At R8 000 per head, Meanwood has apparently scored a cool R200 000 for the event, without even a single speaker lined up.

Course content advertised by Meanwood also appear to be plagiarised from online sources.

For example, all of the below courses offered by Meanwood appeared to be plagiarised from online sources:

Construction Contracts: From a Johannesburg based website ;
Boiler Maintenance: From international websites found here and here;
Oil and Gas: From international websites found here and here; and
Stormwater drainage, Sanitation and Sewers: From an international website found here.

After questions were posed to Meanwood, many of the course outlines were removed from their website. The Construction Contracts course remained, but the outline for another course was apparently plagiarised from here.

Meanwood positions itself as a training and development consultancy based in Ferndale, Johannesburg. Google Streetview shows the business premises is located on a shared property with several other businesses.


The business address for Meanwood and CASI Training. (Source: Google)

CIPC Records show that Meanwood's sole director is Ms Carol Mwaba Chiyassa, a Zambian national. Her husband, Mr Chileshe Sikota, is the sole director of CASI Training, a company that works in association with Meanwood on certain courses.

A search on Hello Peter uncovered several complaints against CASI Training, accusing it of being a scam, and reneging on its training commitments after it received money.

Comments that read "SCAM!!!! CASI IS SCHEDULIING DUBIOUS TRAINING WORKSHOPS BEWARE (sic)" and "Changing the training date and not paying back", litter reviews from as far back as September 2015.

Website ownership records also confirmed that CASI Training and Meanwood share a landline number, and CIPC records show that they share a business address. Website ownership records also confirmed that a third company, Pacecomm, was registered to Meanwood.

All aboard

Meanwood's management denied any impropriety, and insist that it is conducting business above board and according to established practices in the training industry.

Sikota, speaking on behalf of both Meanwood and CASI Training, relied heavily on a clause contained in the registration forms which prohibits the refund of registration fees.

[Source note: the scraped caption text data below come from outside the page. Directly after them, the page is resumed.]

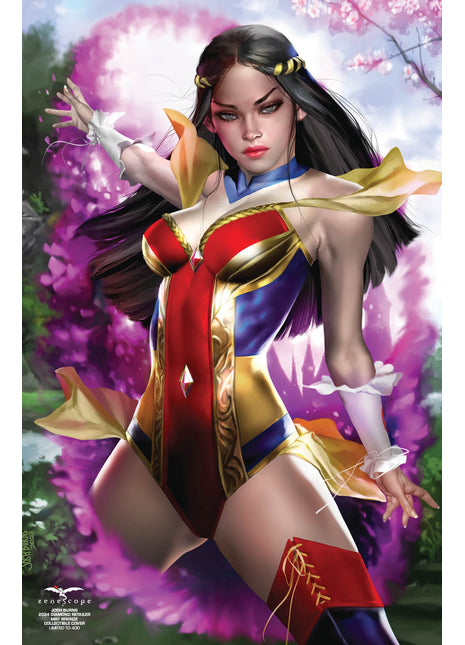 Josh Burns - 2024 Diamond Retailer May Bronze Collectible Cover - LE 400 - Zenescope Entertainment Inc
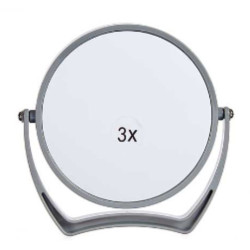 Magnifying Mirror Grey Crystal Plastic 19 x 18,7 x 2 cm (6 Units)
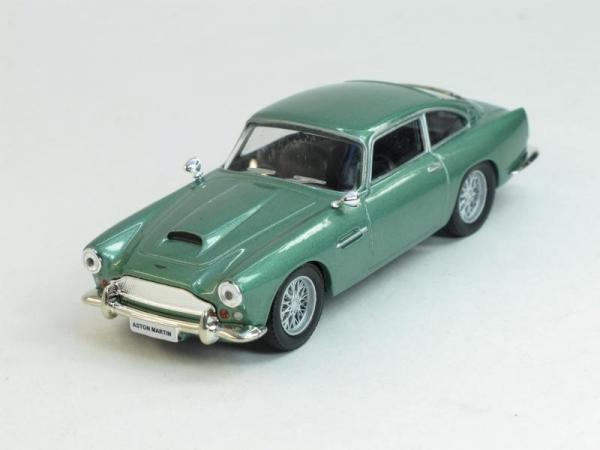 Aston Martin DB4 Coupe (DeAgostini (Суперкары мира)) [1960г., Берюзовый, 1:43]
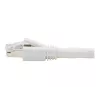 Eaton Tripp Lite Serie Cat8 Cable Ethernet S/FTP apantallado certificado 25G/40G con protección antiacodamiento (RJ45 M/M), PoE, blanco, 1,83 m - Cable de red - RJ-45 (M) a RJ-45 (M) - 1,829 m - S/FT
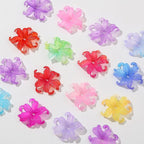 40pcs Flower Shape Beads Color Flower Beads Color Lily Beads - Image 3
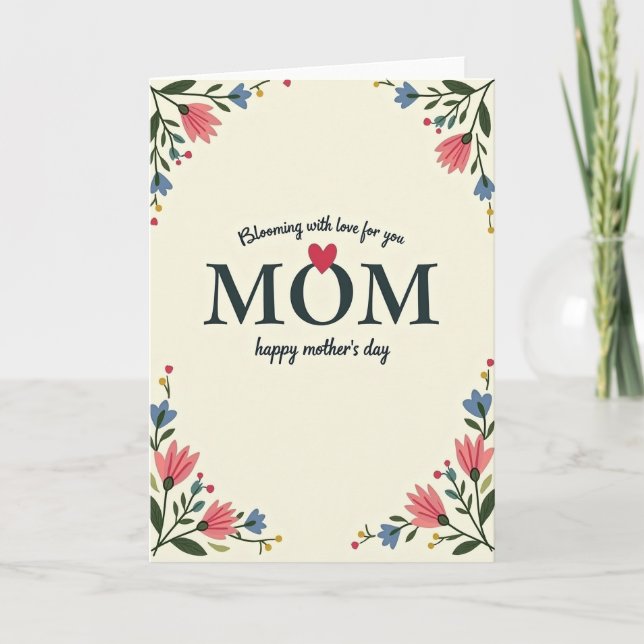 Blooming Love Mom Card (Front)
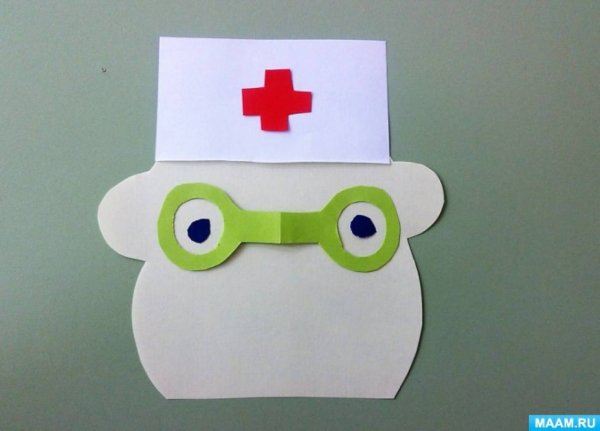 Аппликация врач старшая группа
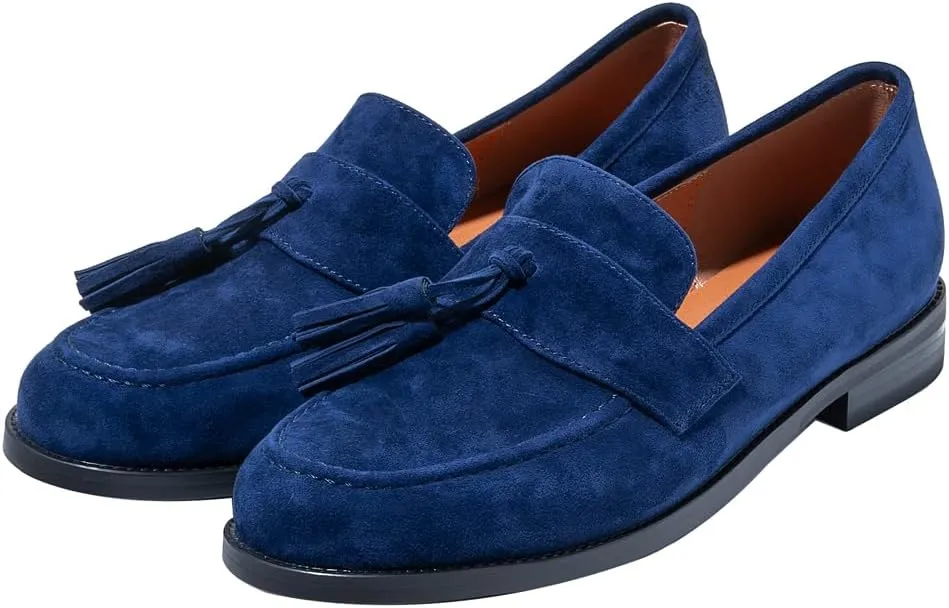 Women's Casual Flat Suede Tassel Loafer
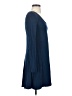 Express Solid Blue Casual Dress Size XS - photo 4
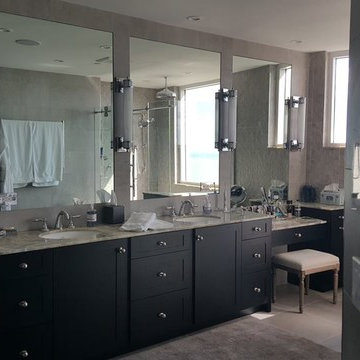 Onyx Master Vanity with Large Island in SandKey Clearwater Beach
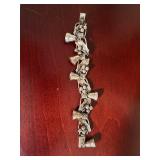 Collection of 5 Vintage Silver Jewelry Pieces including Bracelet, Bangle, Necklace, Ring, and Pendant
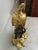 Gilt Bronze Desk Clock with Elephant Angel Decor For Sale - Image 12 of 18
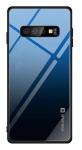 Nugarėlės dėklai Evelatus Samsung Galaxy A40 Gradient Glass Case 7 Sea Depth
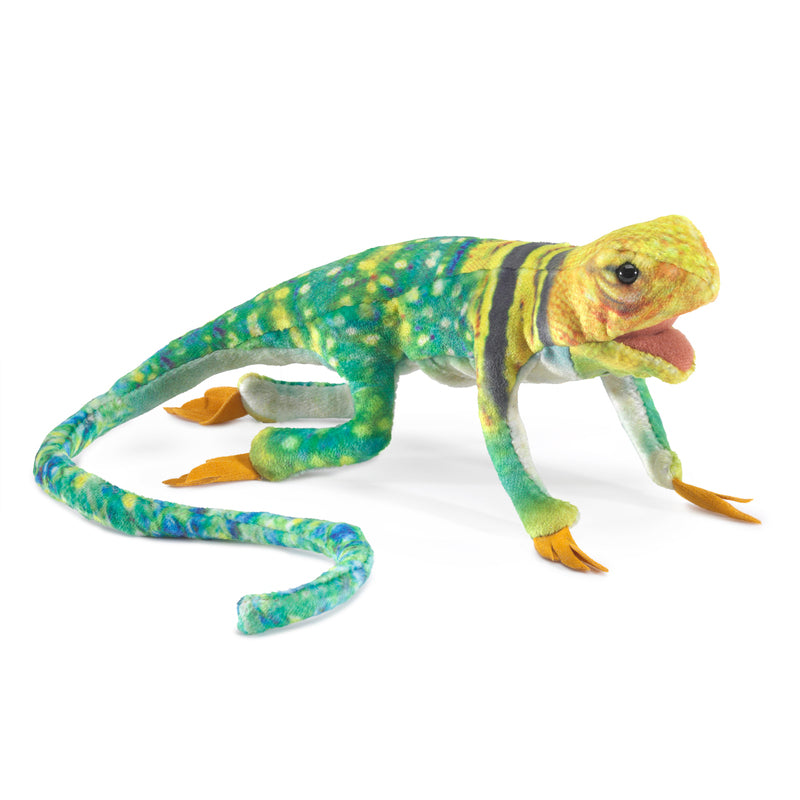 Pack of 3 Collared Lizard Finger Puppet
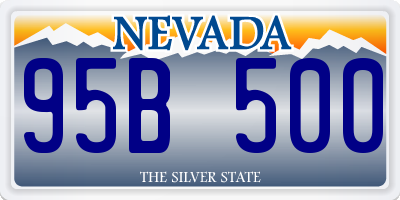 NV license plate 95B500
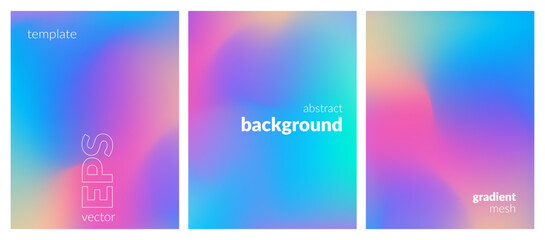 Abstract liquid background layout. Bright color blend. Blurred fluid effect. Gradient mesh. Mockup modern design template for posters, ad banners, brochures, flyers, covers, websites. EPS vector image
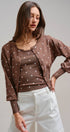 Urban Daizy Polka Dot Button-Front Cardigan MOCHA Cardigan - Women's (TNOW1380-MOCHA) – alternate view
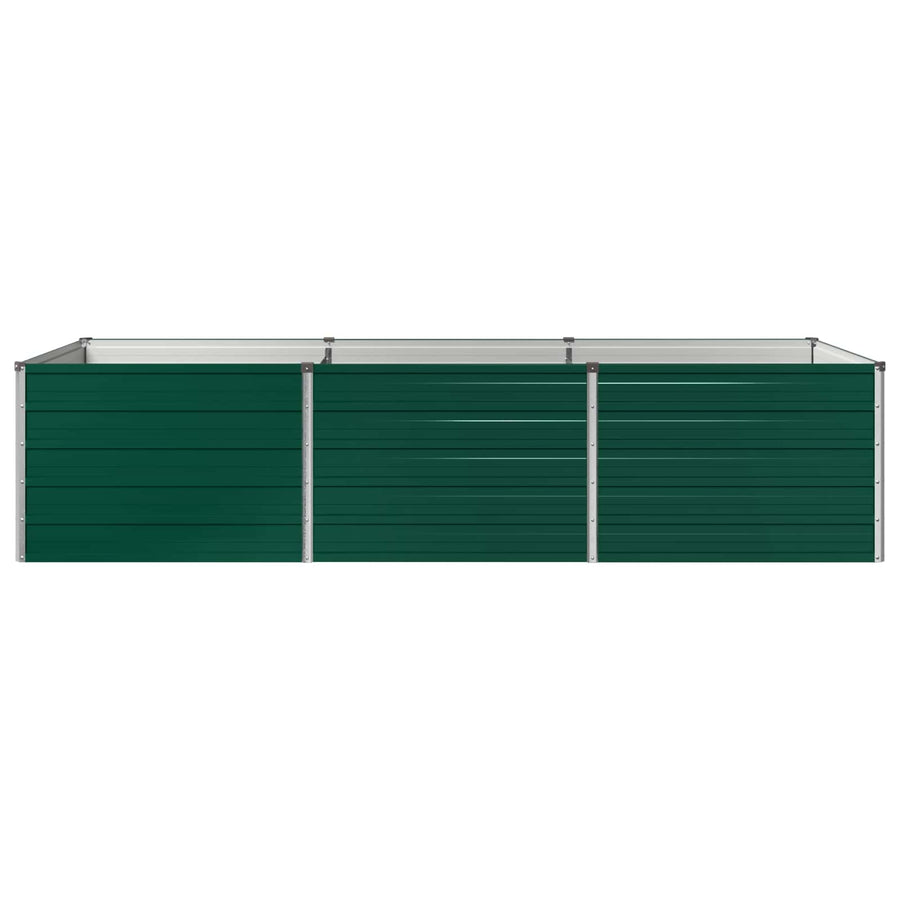 Verhoogd Tuinbed Groen 240 x 80 x 55 cm koudgewalst stalen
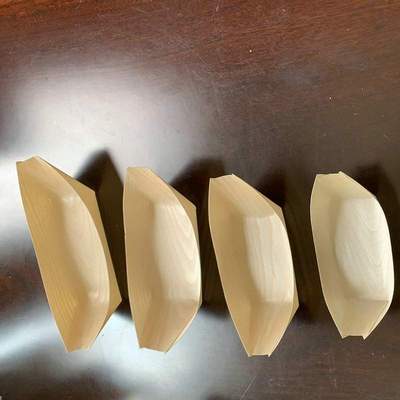 一次性木舟皿木皮船木制餐具寿司船日料水信玄饼小船木舟皿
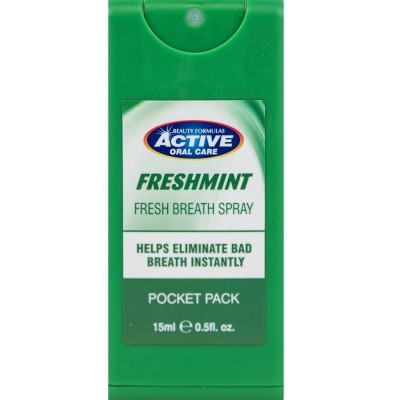 Spray pentru improspatarea respiratiei Fresh Mint x 15ml. Active Oral Care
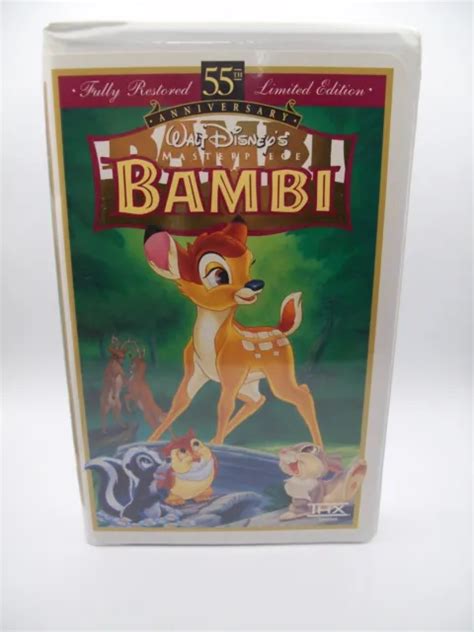 BAMBI 55TH ANNIVERSARY Walt Disney S Masterpiece VHS Limited Edition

Once the R8 000 registration fee has been paid, not even several postponements are enough to trigger a refund. 

Meanwood maintains that registrants must attend a course, either personally or by proxy, or alternatively forfeit their registration fees.

But this did not explain how Meanwood could advertise speakers who deny their attendance. When pushed for answers on this, Sikota claimed that the speakers gave their verbal agreement to attend.

On Wednesday morning, after Meanwood responded to News24's enquiries, the course was again circulated to prospective attendees. The course advert still used the speakers that denied their attendance.

Meanwood told News24 late on Wednesday evening that the attendees have now been informed that the event has been postponed. Their website was also updated after News24 sent questions to Meanwood. The Water Leak Detection conference is now being advertised for an unspecified date. It remains unclear when the 25 delegates, who have already registered and paid, will be able to attend the conference.

Sikota diverted questions about the structure of the course content, the attendance of speakers and the number of people that signed up for the course to an external consultant, Mr Spinola Dube.

Dube, a consultant working for Meanwood, CASI Training and Pacecomm, is listed as the research director on several of the brochures and registration forms circulated. Many of the speakers that News24 spoke to also confirmed that he was their contact person at Meanwood.

Dube was sent detailed questions about the structure of the courses and the nature of the conferences he organised. 

Despite several follow-ups and undertakings provided by the management of Meanwood, Dube failed to respond to detailed questions posed to him. These included whether he plagiarised the course content and whether he confirmed speakers' attendance before taking money from prospective registrants.